Bipartite estimators
--------------------

:mod:`bipartite_learn` provides machine learning estimators that directly
receive a bipartite dataset as input, formatted as described in the previous
section.

The API of these estimators is kept very similar to the usual `scikit-learn`
API, where the methods ``fit`` and ``predict`` are responsible for the training
and estimation procedures, respectively. However, some key differences must be
noted.

In their ``fit`` methods, instead of receiving a single ``X`` feature matrix
and a ``y`` target matrix, the bipartite estimators in this package are built to
receive two matrices ``X_0`` and ``X_1`` wrapped in a list ``[X_0, X_1]`` as
``fit``'s ``X`` parameter.
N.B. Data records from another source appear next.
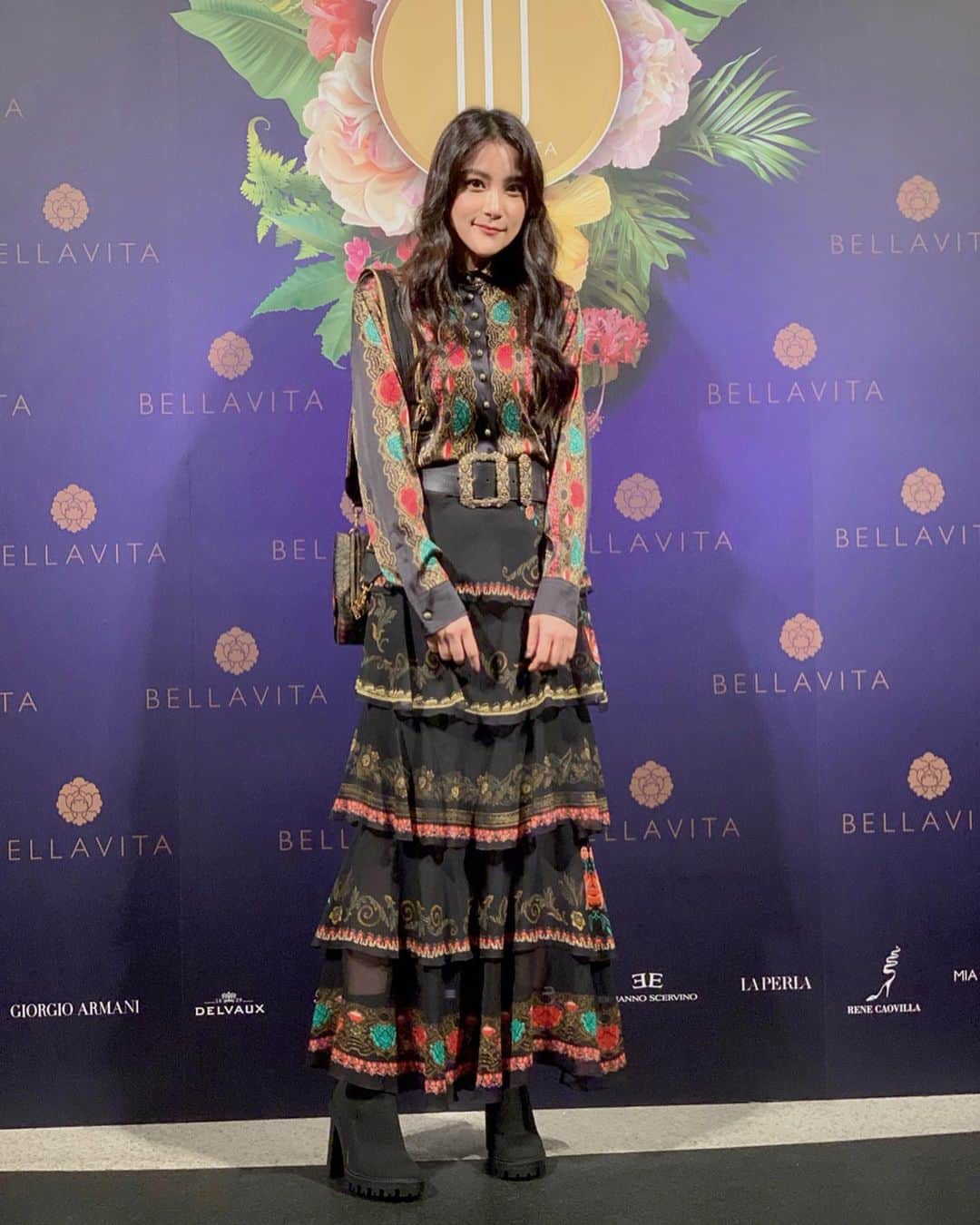 Liga Chiangのインスタグラム：「@bellavita_taipei  今天10週年快樂🎂  outfits ❤️ @etro  Bag ❤️ @etro  Makeup ❤️ @lee_makeupofficial_taiwan #江恆亘 #liga #ligachiang」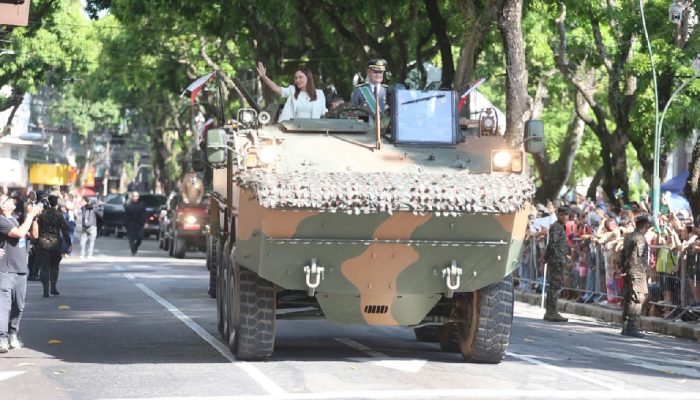 Hana Ghassan destaca papel das forças de segurança em desfile de 7 de setembro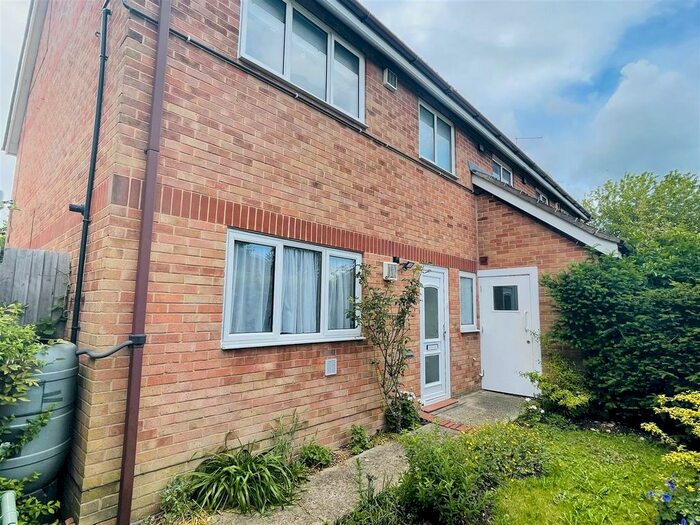 1 Bedroom Flat To Rent In Parsonage Road, Tunbridge Wells, TN4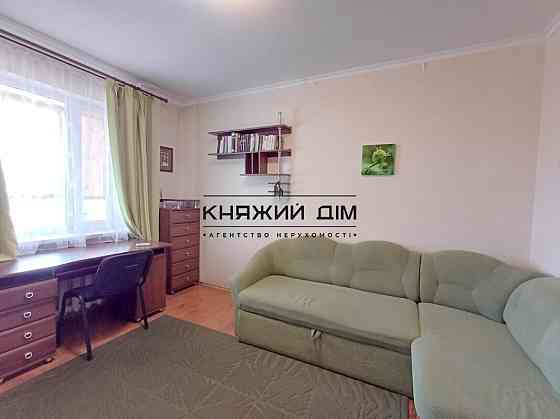 Продаж Квартира 2-кімнатна, 6/16 поверх на Анны Ахматовой ул. Київ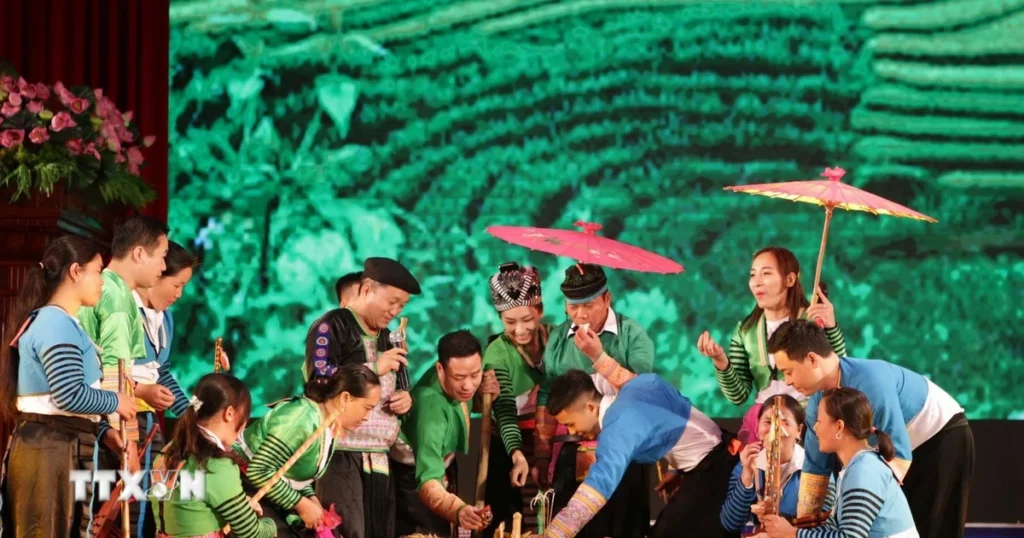 Lễ Mừng cơm mới của người Mông - Nơi hạt lúa kết nối con người và nguồn cội 1 2808 cung mung com moi dan toc mong
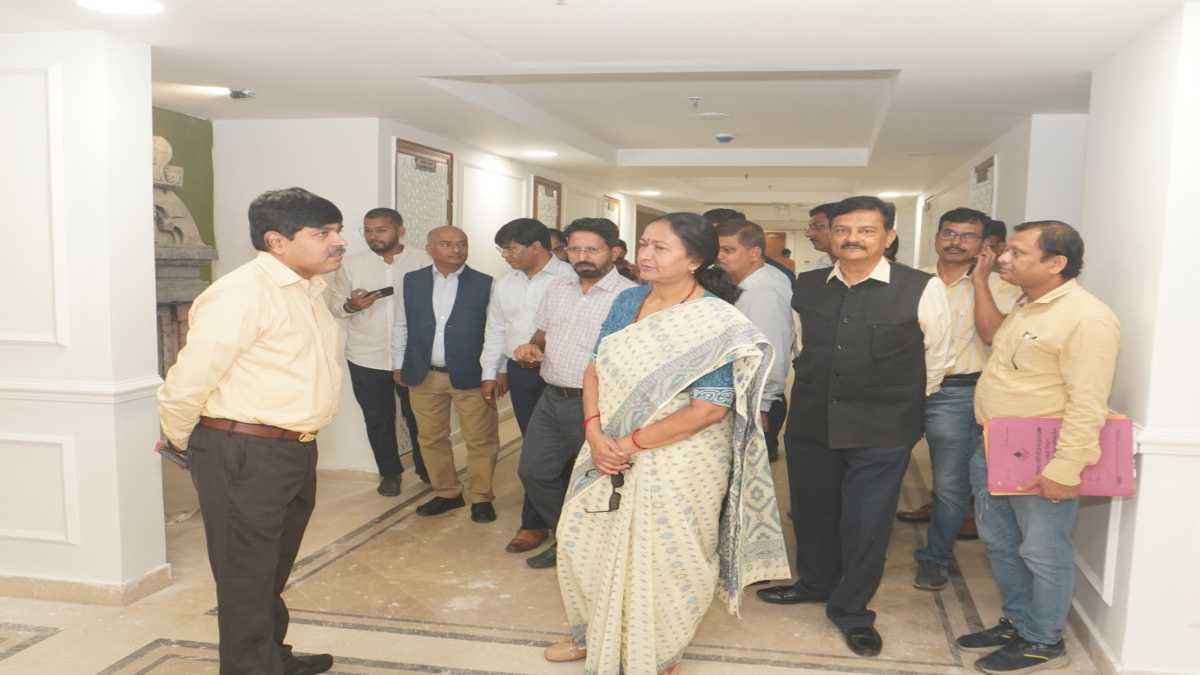 मुख्य सचिव राधा रतूड़ी ने नवनिर्मित उत्तराखण्ड निवास का किया दौरा, शुभारंभ की तैयारियों को लेकर दिए आवश्यक दिशा-निर्देश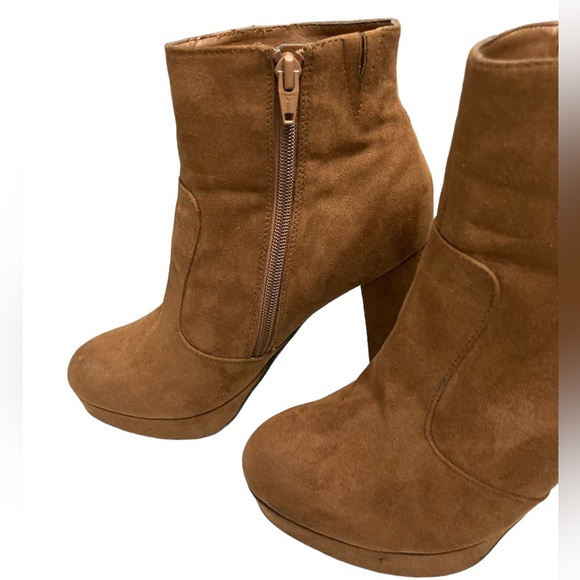 Mossimo Brown Suede Ankle Boots Sz 6 1/2 - Picture 5 of 13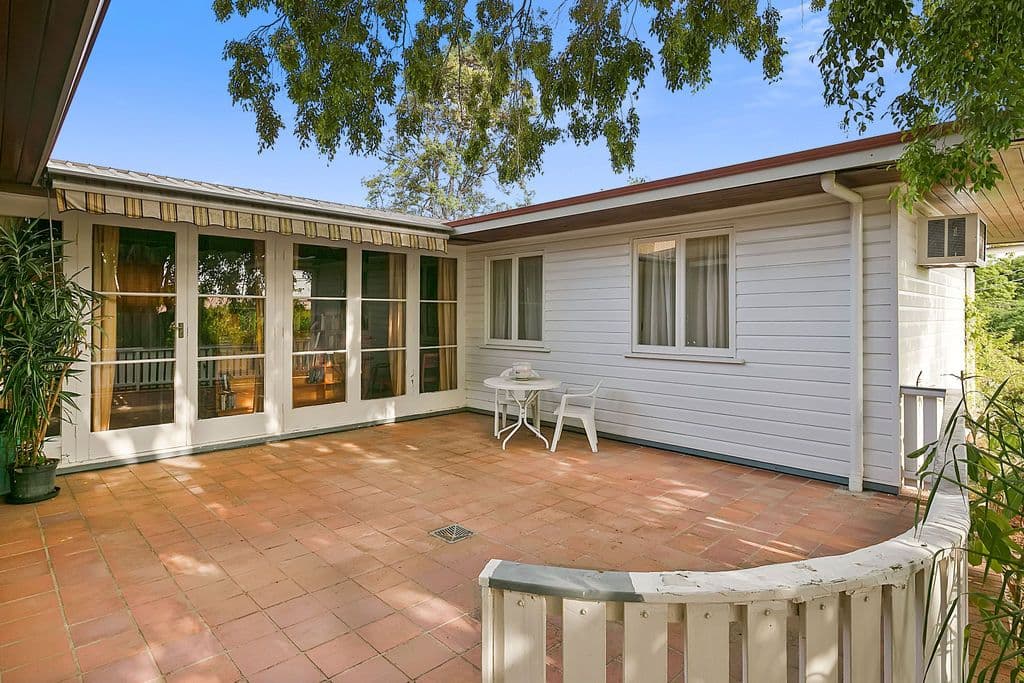 61 Milsom Street, Coorparoo QLD 4151, Coorparoo - Thumbnail 2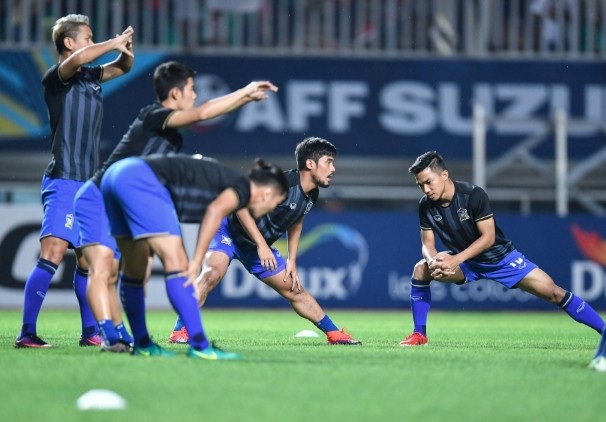 Indonesia 2-1 Thái Lan: Cú ngược dòng ngoạn mục - 5
Đội tuyển Thái Lan khởi động trước trận đấu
Accordingly, the ``y`` parameter is expected to
receive the known interaction matrix, such that
``y.shape == (X[0].shape[0], X[1].shape[0])`` and ``y[i, j]`` is the target
information to be predicted about the interaction between the samples
``X[0][i]`` and ``X[1][j]``.

.. code-block:: python

    >>> from bipartite_learn.datasets import NuclearReceptorsLoader
    >>> from bipartite_learn.tree import BipartiteDecisionTreeClassifier
    >>> [X_0, X_1], y = NuclearReceptorsLoader().load()
    >>> bipartite_estimator = BipartiteDecisionTreeClassifier()
    >>> bipartite_estimator.fit([X_0, X_1], y)

Notice that although ``y`` is bidimensional, which would represent a
multi-output task for :mod:`scikit-learn` estimators, the target matrix ``y`` in
bipartite datasets essentially represents a single output per interacting pair.
These pairs themselves are what we
actually consider the input samples, so that bipartite estimators are still
considered single-output estimators even if dealing with a bidimensional ``y``.
They can be viewed as simpler (and often more efficient) methods for considering
all possible relationships during the training procedure, without the need for
explicit data preprocessing.

.. note::
    Multi-output bipartite tasks are not supported by :mod:`bipartite_learn` for
    now. In such cases, ``y`` would be most naturally represented as a
    tridimensional tensor, storing each output value along its last dimension
    (the "depth").

Even if essentially single-output under the eyes of :mod:`bipartite_learn`, some
learning algorithms for bipartite data make use of compositions of
multi-output traditional estimators (that are designed to be trained on a single
``X`` matrix).

.. note::
    For clarity sake, we refer to the usual machine learning estimators
    taking a single ``X`` matrix as *monopartite* estimators, while the ones
    that we mainly focus here, that are aware of the bipartite nature of the
    data, are accordingly called *bipartite* estimators.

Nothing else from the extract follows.